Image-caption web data
________________________

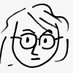 朱喜哲(ちゅ ひちょる/JU Heechul)●新刊『人類の会話のための哲学』 (@hee_verm) Twitter profile photo 朱喜哲(ちゅ ひちょる/JU Heechul)●新刊『人類の会話のための哲学』 (@hee_verm) Twitter profile photo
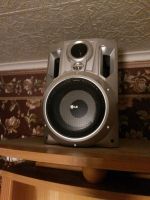 Лот: 19990164. Фото: 2. Музыкальный центр LG LM-K6530X... Аудиотехника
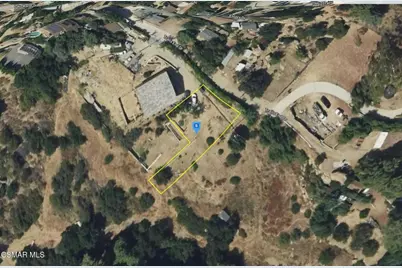 9430 Trails End Drive, Simi Valley, CA 91311 - Photo 2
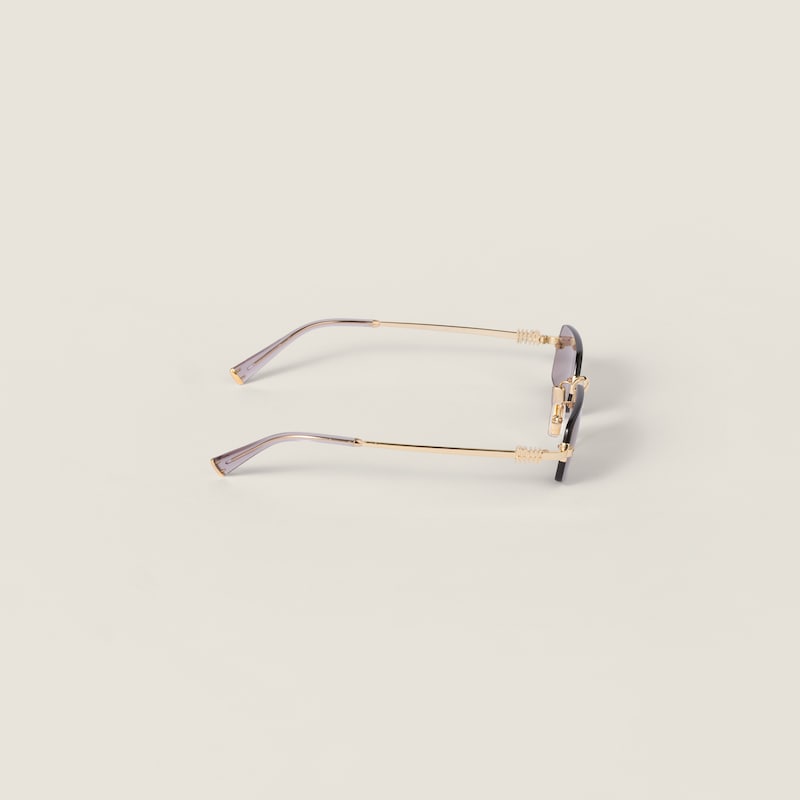 Miu Miu Eyewear Collection太阳眼镜
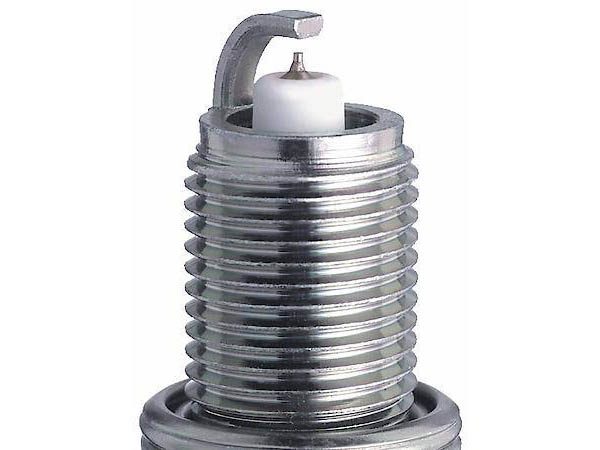 ngk 7090 platinum spark plug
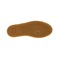 Mephisto chaussures basses beige 5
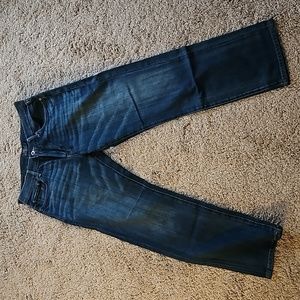 Lucky Jeans 32x30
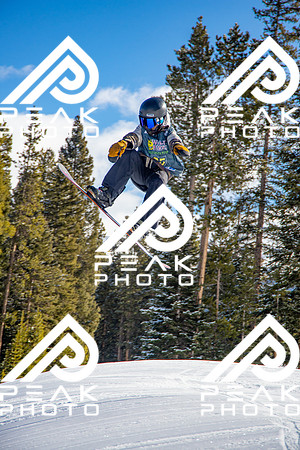 USASA_Slopestyle_02.05.22_2801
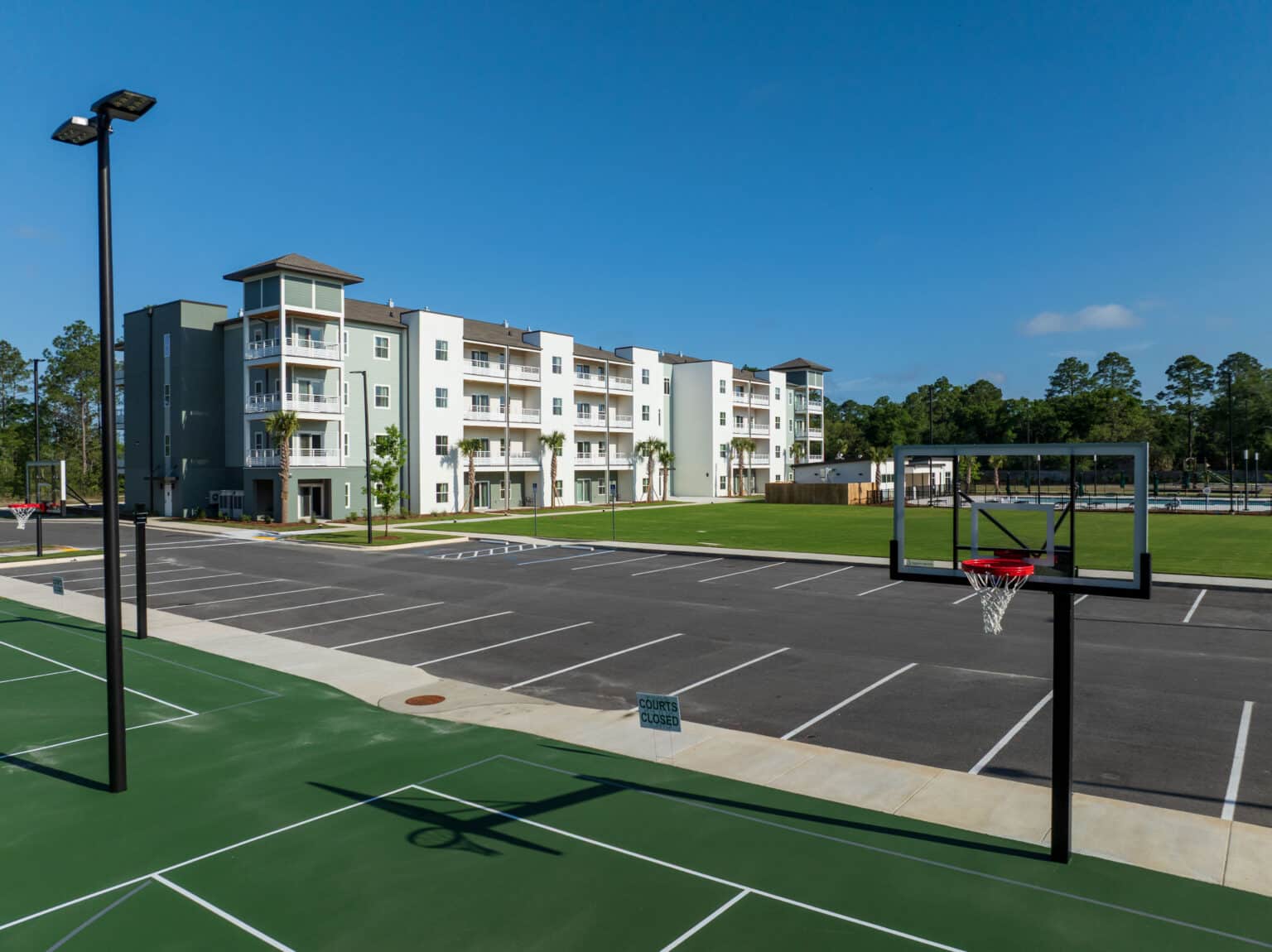 Kaleo_DJI_0252
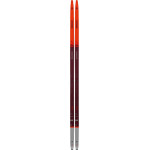 ATOMIC běžky Redster S9 JR 155cm 21/22 155cm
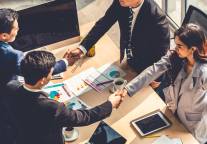 凯德雅诗阁信托1.4亿美元收购日本两家酒店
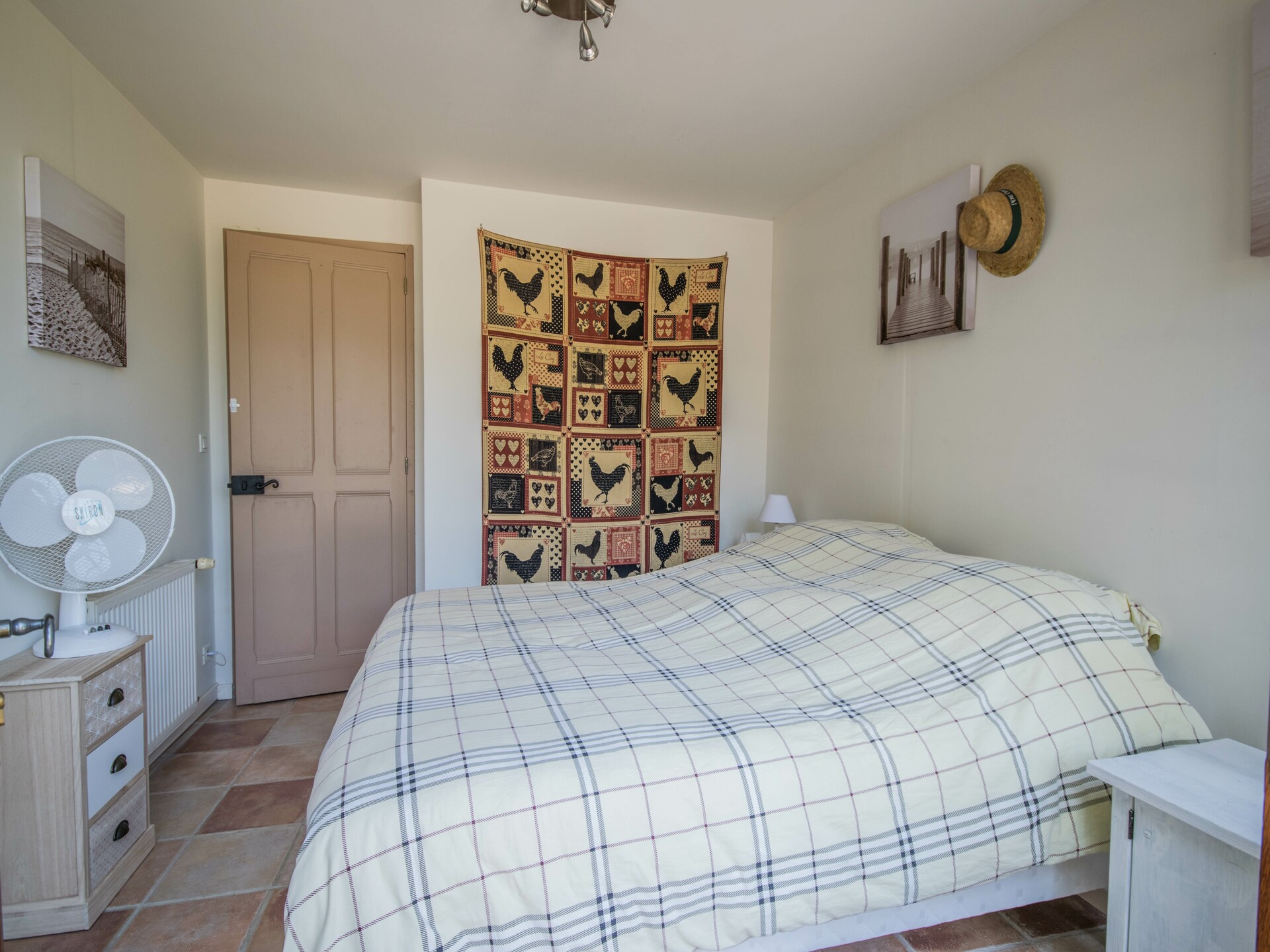Landhuis met privézwembad en panoramisch uitzicht in Lavercantière - foto 11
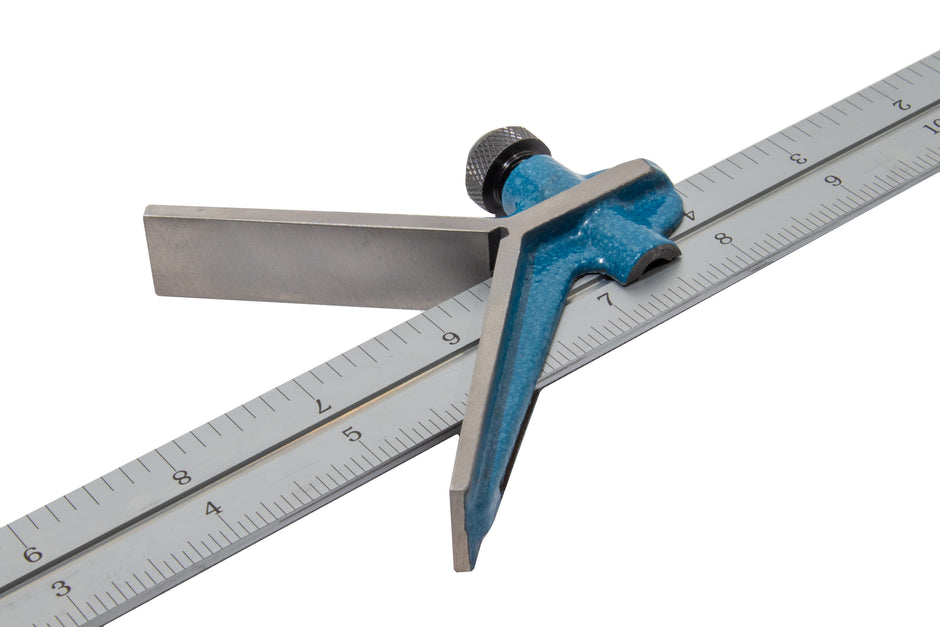 Square Alignment Tools Combination Square Set - Precision Tools for Professionals – PEC Tools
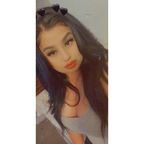 prinxessjasmine OnlyFans Leaks 

 profile picture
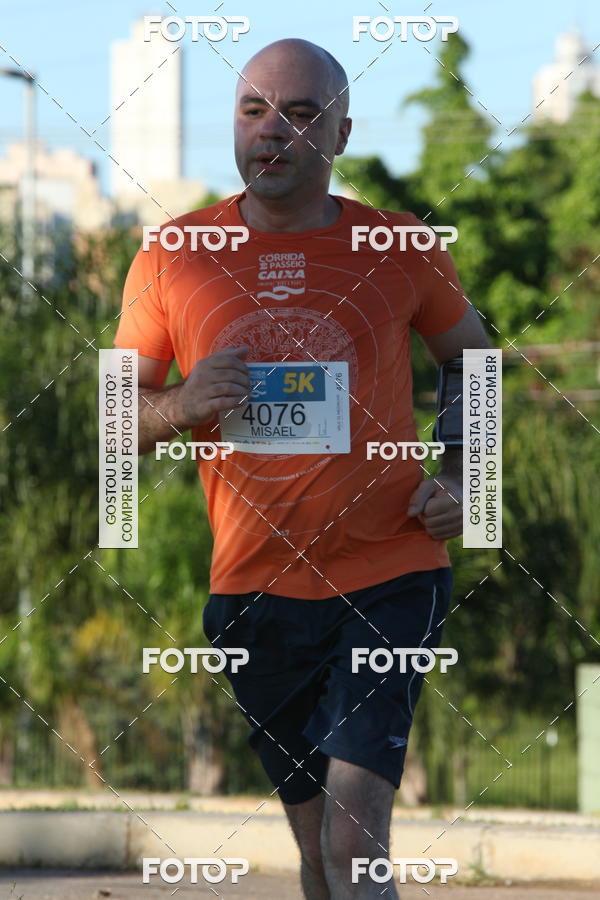 Buy your photos of the eventCircuito Rios e Ruas Caixa - Etapa Parque Villa Lobos on Fotop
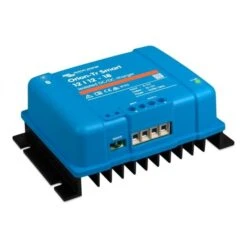 Victron Orion-Tr Smart 12/12-18A Acculader -Varen Centrum Afbeelding 10013510 3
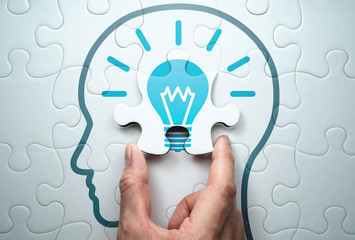 一年又一年的歌手简介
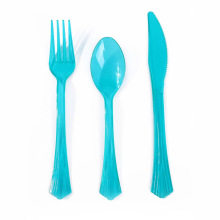 һ�������ϵ����ײ�ɫ�Ɍ��;ߵ��������z���Ͳ;�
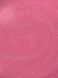Гель для нарощування Shimmer Gel №4 / 15ml 323-5426-1578 фото 2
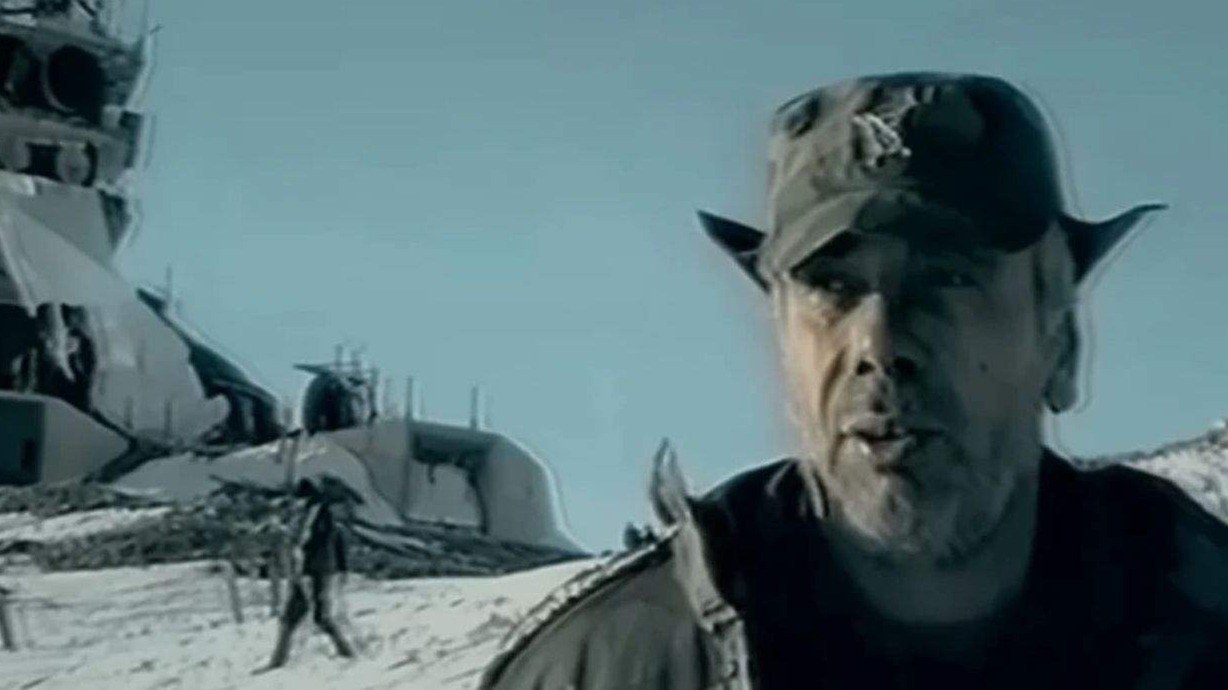 Na današnji dan započelo oslobađanje planine Vlašić: Alagić na krovu svijeta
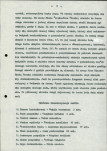 EP - Ewidencja parkowa, skan nr 7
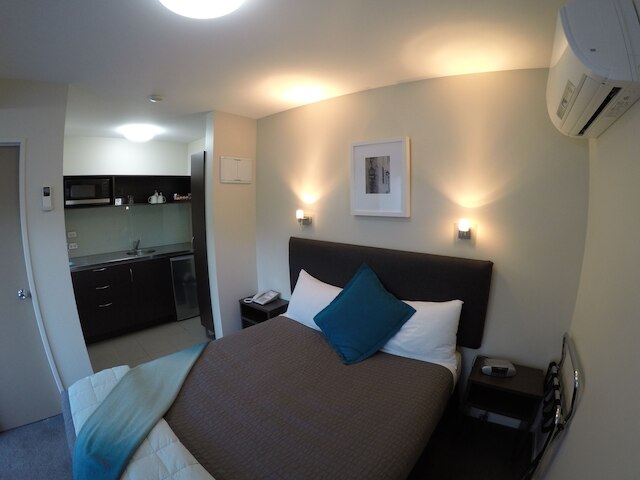 アバコ オン ジェヴォイス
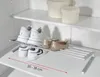 RUCO Schuhstapler, breitenverstellbar 20-38 cm, für bis zu Produktbild-Vorschau 2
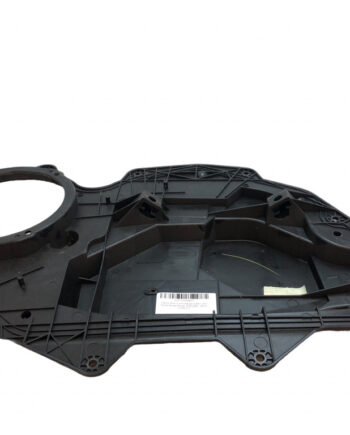 Panou interior usa stanga spate Land Rover Range Rover EVOQUE (2012-2018) 2.2 TD4 CRDI LR048295 (BJ3224767AE)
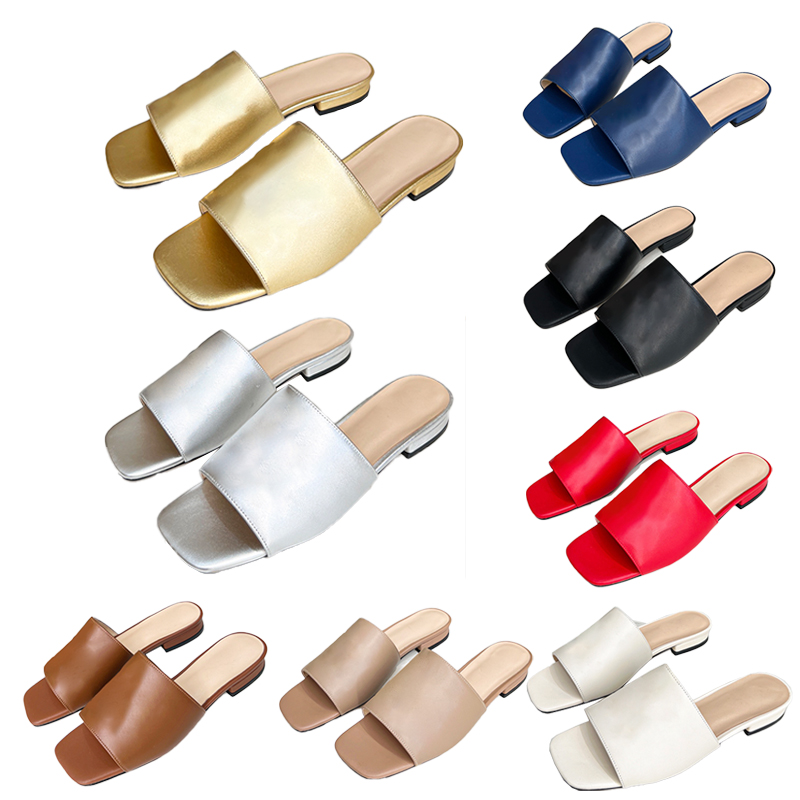 

Designer Man Woman Fashion Slippers Sandals Women slides Shoes Beach Desert Thick bottom Slipper flops Sand Slide Ladies slider Sliders with Box, Custom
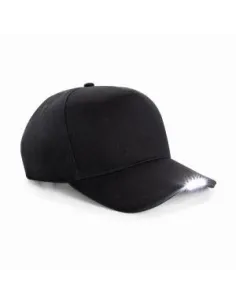 https://vestypro.es/img-prov/ZIRAKETAN-IMG/BF515_1.jpg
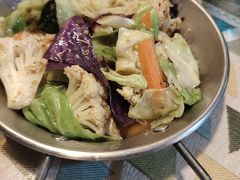 -美森西餐厅(曙光大道店)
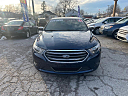 Thumbnail image of 2016 Ford Taurus at Moon Star Auto Sales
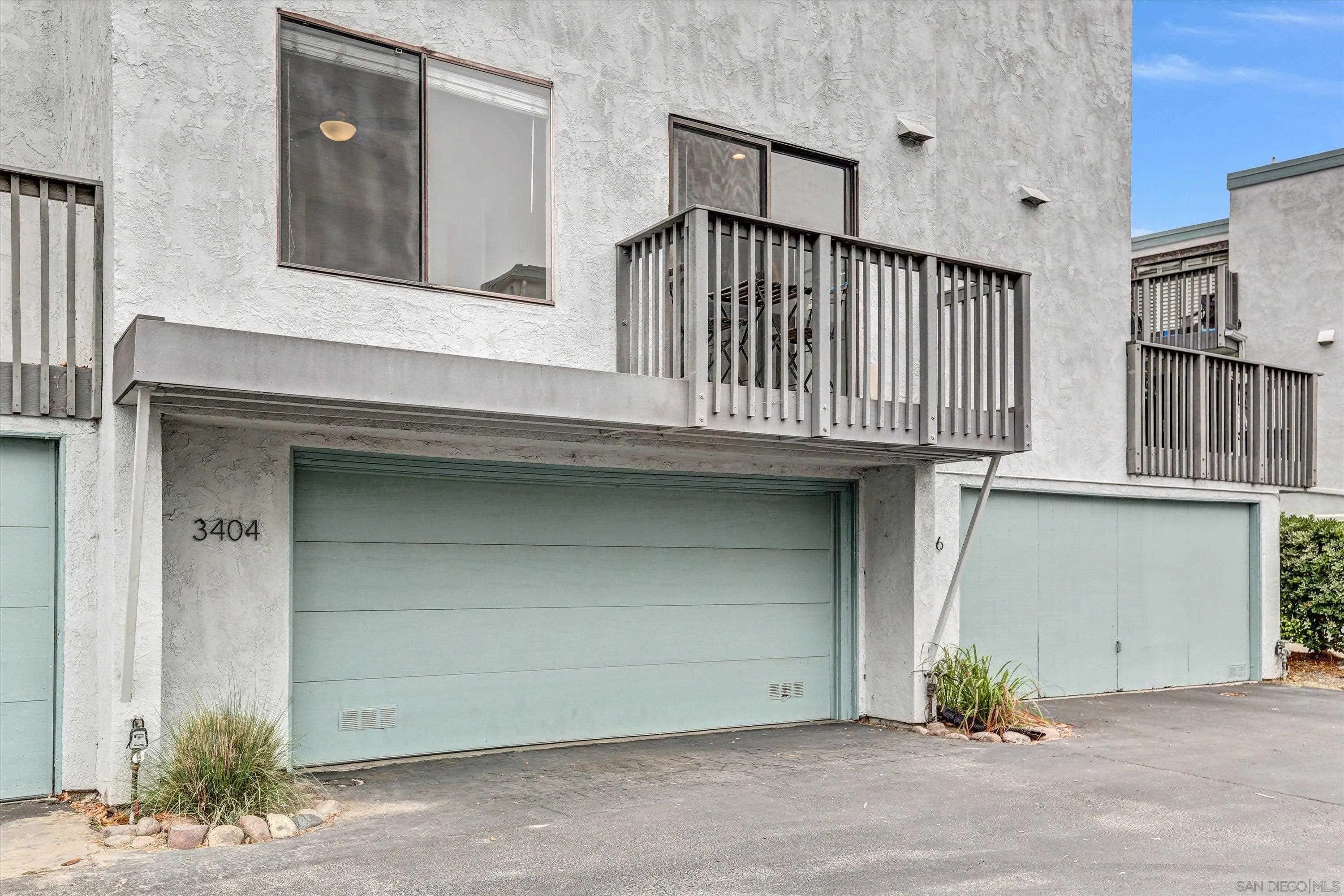 https://cdn.realtyfeed.com/cdn/127/260014789/96f645a973c88a1f13b5069e21688ec5.webp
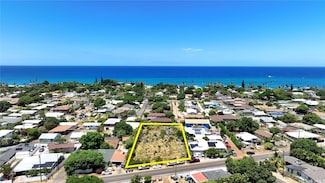84-689 Lahaina St, Waianae, HI 96792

________________________

Task to carry out:
Your task is to copy only the lines above starting at the one containing "凯德雅诗阁信托1.4亿美元收购日本两家酒店" and ending at the one containing "Thumbnail image of". Copy them exactly, both ends included, and omit the pictures.

Result:
 凯德雅诗阁信托1.4亿美元收购日本两家酒店
Landhuis met privézwembad en panoramisch uitzicht in Lavercantière - foto 11
 Square Alignment Tools Combination Square Set - Precision Tools for Professionals – PEC Tools
 prinxessjasmine OnlyFans Leaks 

 profile picture
 Buy your photos of the eventCircuito Rios e Ruas Caixa - Etapa Parque Villa Lobos on Fotop
 Victron Orion-Tr Smart 12/12-18A Acculader -Varen Centrum Afbeelding 10013510 3
 一年又一年的歌手简介
 һ�������ϵ����ײ�ɫ�Ɍ��;ߵ��������z���Ͳ;�
Гель для нарощування Shimmer Gel №4 / 15ml 323-5426-1578 фото 2
 Na današnji dan započelo oslobađanje planine Vlašić: Alagić na krovu svijeta
 EP - Ewidencja parkowa, skan nr 7
 アバコ オン ジェヴォイス
 RUCO Schuhstapler, breitenverstellbar 20-38 cm, für bis zu Produktbild-Vorschau 2
 Panou interior usa stanga spate Land Rover Range Rover EVOQUE (2012-2018) 2.2 TD4 CRDI LR048295 (BJ3224767AE)

Designer Man Woman Fashion Slippers Sandals Women slides Shoes Beach Desert Thick bottom Slipper flops Sand Slide Ladies slider Sliders with Box, Custom
 https://vestypro.es/img-prov/ZIRAKETAN-IMG/BF515_1.jpg
 -美森西餐厅(曙光大道店)
 Thumbnail image of 2016 Ford Taurus at Moon Star Auto Sales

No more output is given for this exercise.